Поразило же Лаврова не состояние Шаламова, а его положение — условия, в которых находился писатель. Что касается состояния, то были речевые, двигательные нарушения, тяжелое неврологическое заболевание, но слабоумия, которое одно могло дать повод для перемещения человека в интернат для психохроников, у Шаламова он не обнаружил.
В таком диагнозе его окончательно убедило то, что Шаламов — в его присутствии, прямо на глазах — продиктовал Морозову два своих новых стихотворения. Интеллект и память его были в сохранности
Да, он еще сочинял стихи, запоминал — и потом А.Морозов и И.Сиротинская записывали за ним, в полном смысле снимали у него с губ. Это была нелегкая работа Шаламов по нескольку раз повторял какое-нибудь слово, чтобы его правильно поняли, но в конце концов текст складывался.
Он попросил Морозова сделать из записанных стихотворений подборку, дал ей название «Неизвестный солдат» и выразил пожелание, чтобы ее отнесли в журналы. Морозов ходил, предлагал. Безрезультатно.
Стихи были опубликованы за границей в «Вестнике русского христианского движения» с заметкой А.Морозова о положении Шаламова. Цель была одна — привлечь внимание общественности помочь, найти выход. И этa цель в каком-то смысле была достигнута, но эффект… эффект был скорее обратный.
После этой публикации о Шаламове заговорили зарубежные «голоса». В результате к писателю стало приходить больше людей. Кто-то действительно хотел помочь и помогал, но бывали и просто любопытствующие.
Такое внимание к автору «Колымских рассказов», большой том которых вышел на русском языке в 1978 году в Лондоне особенно в связи с близящимся 75-летием писателя начинало кое-кого беспокоить. Шаламовскими посетителями стали интересоваться в соответствующем ведомстве. Из органов госбезопасности звонили директору дома престарелых, подробно расспрашивали, а однажды (или не однажды) наведались лично.
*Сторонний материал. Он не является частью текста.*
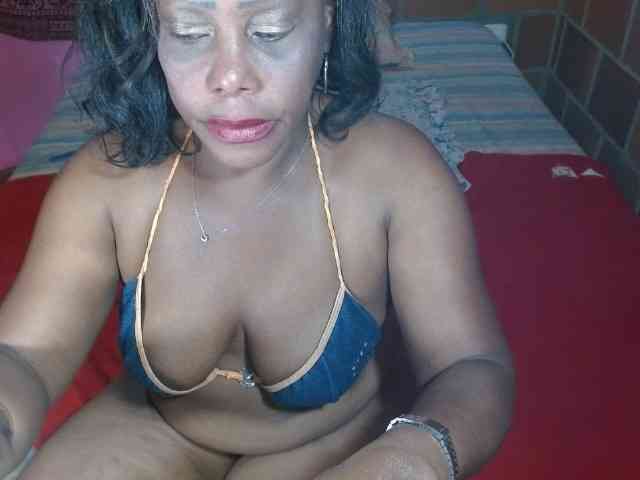 EMYYLI2 webcam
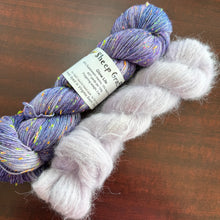 Load image into Gallery viewer, myrtle-lilac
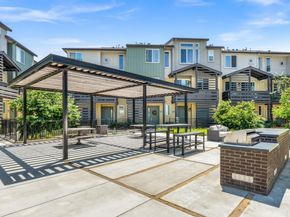 1976 Tarob Court, Milpitas CA 95035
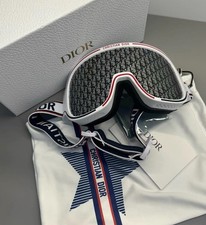 New dior ski for sale  Lake Oswego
В начале сентября 1981 года собралась комиссия — решать вопрос, можно ли дальше содержать писателя в доме престарелых. После недолгого совещания в кабинете директора комиссия поднялась в комнату Шаламова. Присутствовавшая там Елена Хинкис рассказывает, что он на вопросы не отвечал — скорей всего просто игнорировал, как он это умел.